--- Supplied material ---

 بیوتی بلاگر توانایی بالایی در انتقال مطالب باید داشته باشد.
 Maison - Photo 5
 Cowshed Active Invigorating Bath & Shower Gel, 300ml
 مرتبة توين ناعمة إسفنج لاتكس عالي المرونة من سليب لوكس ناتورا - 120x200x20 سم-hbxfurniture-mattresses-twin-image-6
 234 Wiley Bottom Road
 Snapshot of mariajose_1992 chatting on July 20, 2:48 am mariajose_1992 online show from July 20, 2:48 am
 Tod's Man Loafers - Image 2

---
--- Supplied material ---

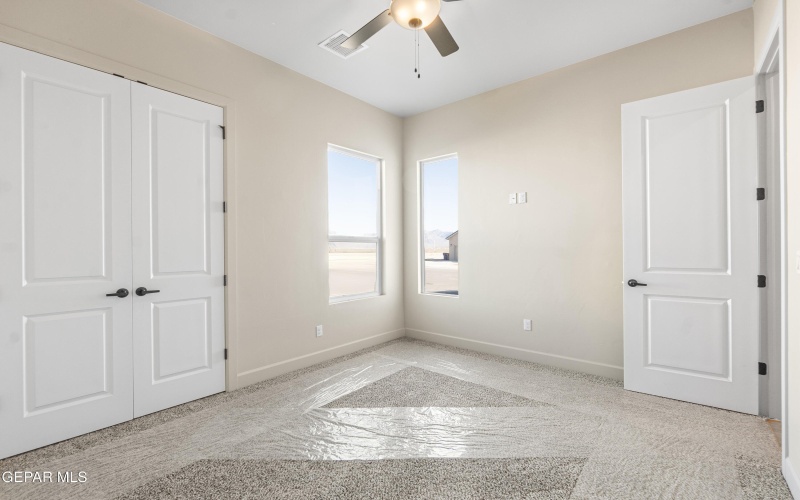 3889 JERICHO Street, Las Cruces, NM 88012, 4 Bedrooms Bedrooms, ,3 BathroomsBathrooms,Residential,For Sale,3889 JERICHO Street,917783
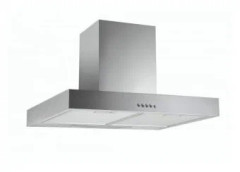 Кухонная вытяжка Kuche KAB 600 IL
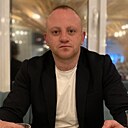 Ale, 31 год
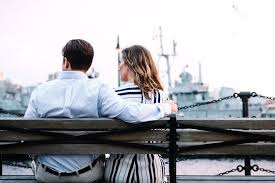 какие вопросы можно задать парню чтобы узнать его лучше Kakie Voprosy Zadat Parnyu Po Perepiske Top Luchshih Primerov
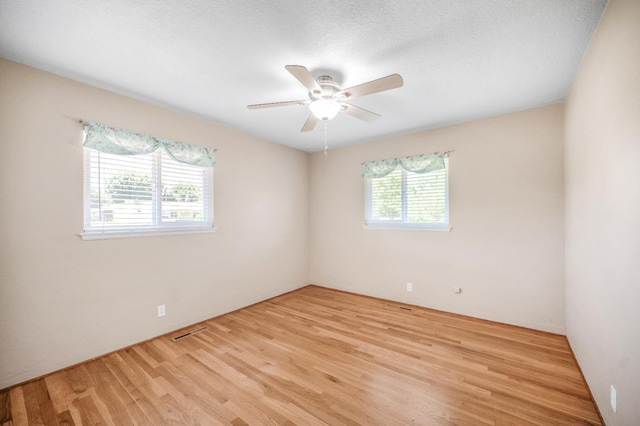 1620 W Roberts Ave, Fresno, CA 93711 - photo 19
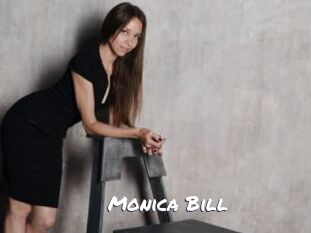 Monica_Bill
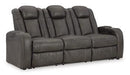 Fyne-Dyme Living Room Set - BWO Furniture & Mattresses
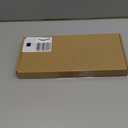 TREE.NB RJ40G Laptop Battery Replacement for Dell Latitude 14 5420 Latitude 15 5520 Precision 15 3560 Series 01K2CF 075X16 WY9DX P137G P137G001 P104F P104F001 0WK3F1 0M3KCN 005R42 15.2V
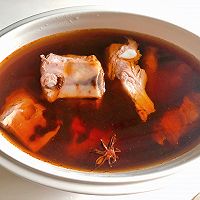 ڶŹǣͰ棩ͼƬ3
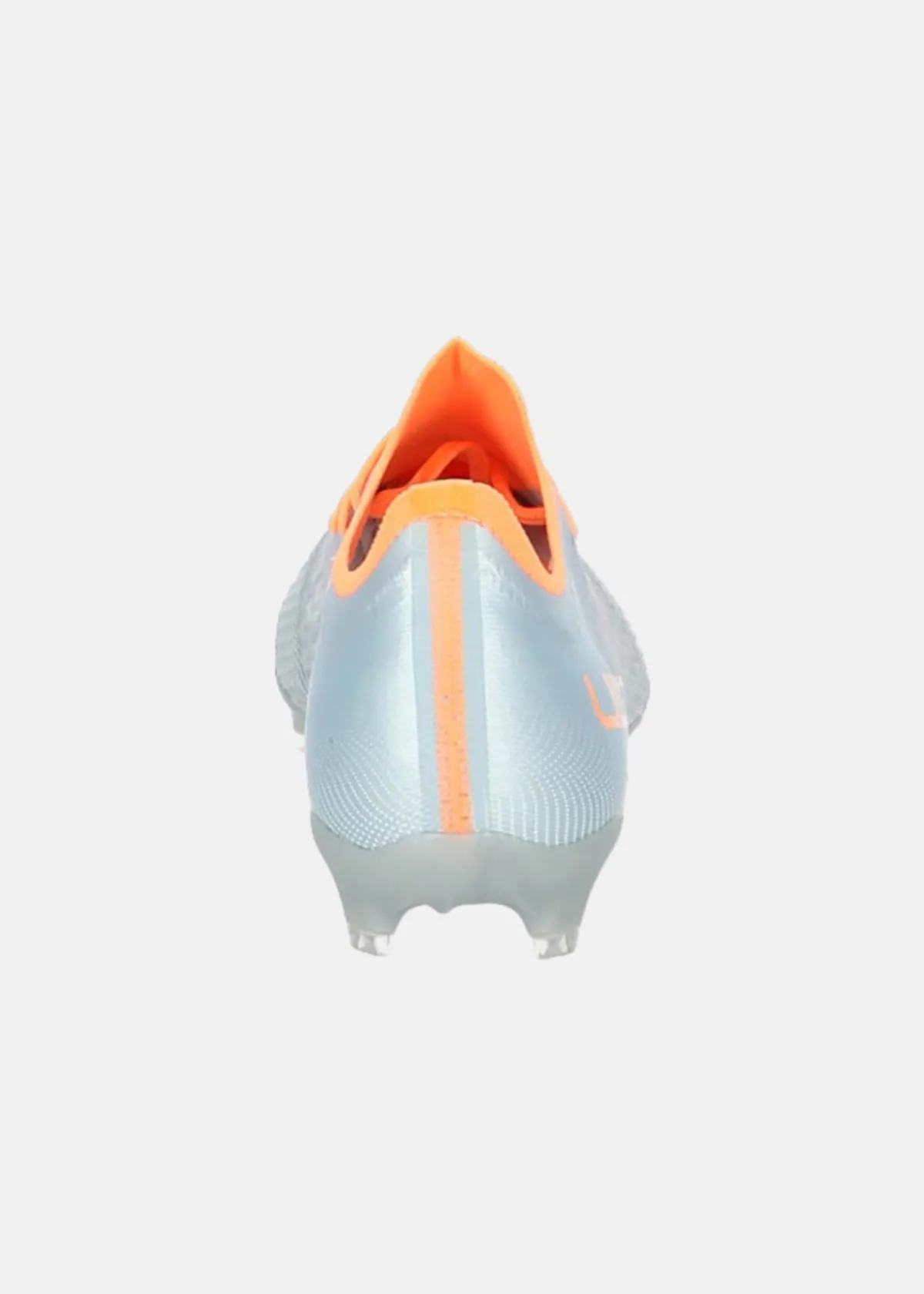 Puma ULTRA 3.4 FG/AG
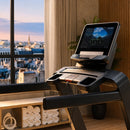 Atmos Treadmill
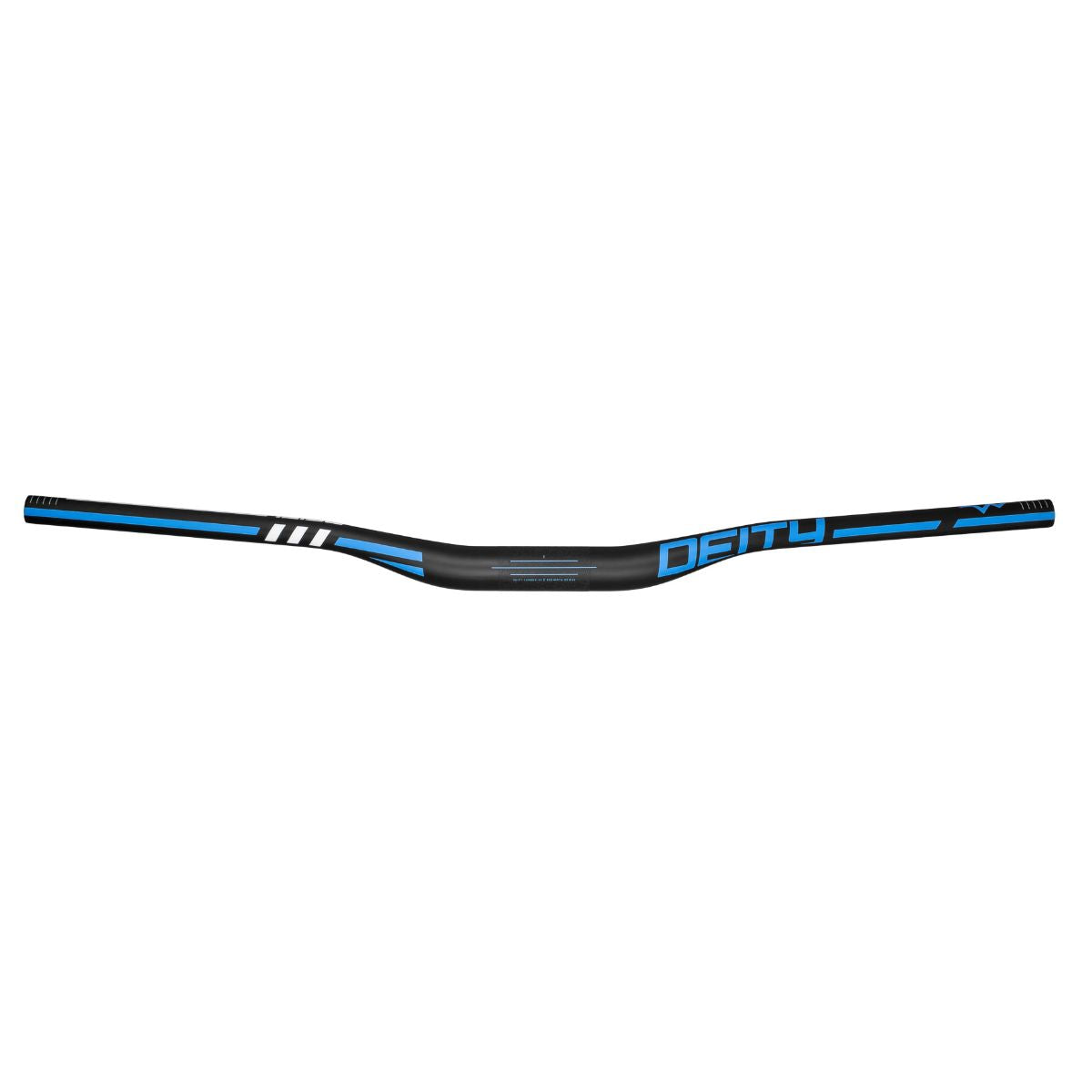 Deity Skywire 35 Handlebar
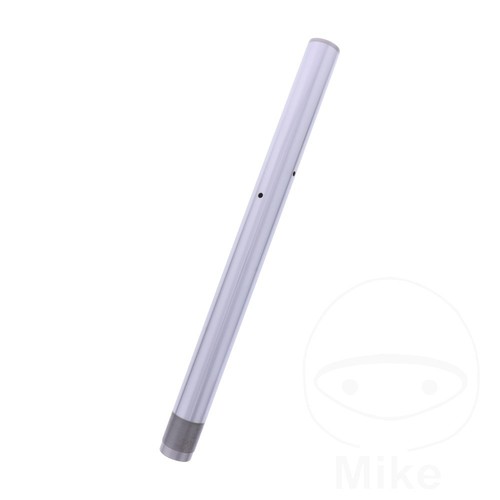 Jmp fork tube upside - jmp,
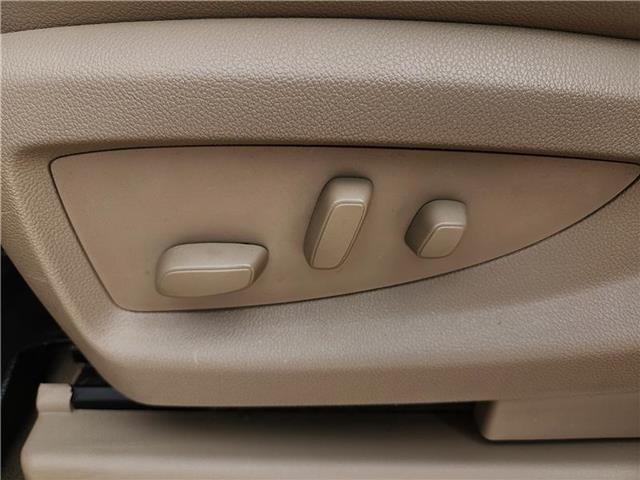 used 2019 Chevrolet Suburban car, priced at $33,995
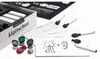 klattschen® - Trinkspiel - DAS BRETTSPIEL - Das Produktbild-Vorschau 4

---

## About this task
Only one stretch of the entries above is needed: the lines from the one containing "Кухонная вытяжка Kuche KAB 600 IL" through the one containing "Fyne-Dyme Living Room". Copy it exactly, without the pictures.

## Output for this task
 Кухонная вытяжка Kuche KAB 600 IL
 Ale, 31 год
 какие вопросы можно задать парню чтобы узнать его лучше Kakie Voprosy Zadat Parnyu Po Perepiske Top Luchshih Primerov
 1620 W Roberts Ave, Fresno, CA 93711 - photo 19
 Monica_Bill
 Fyne-Dyme Living Room Set - BWO Furniture & Mattresses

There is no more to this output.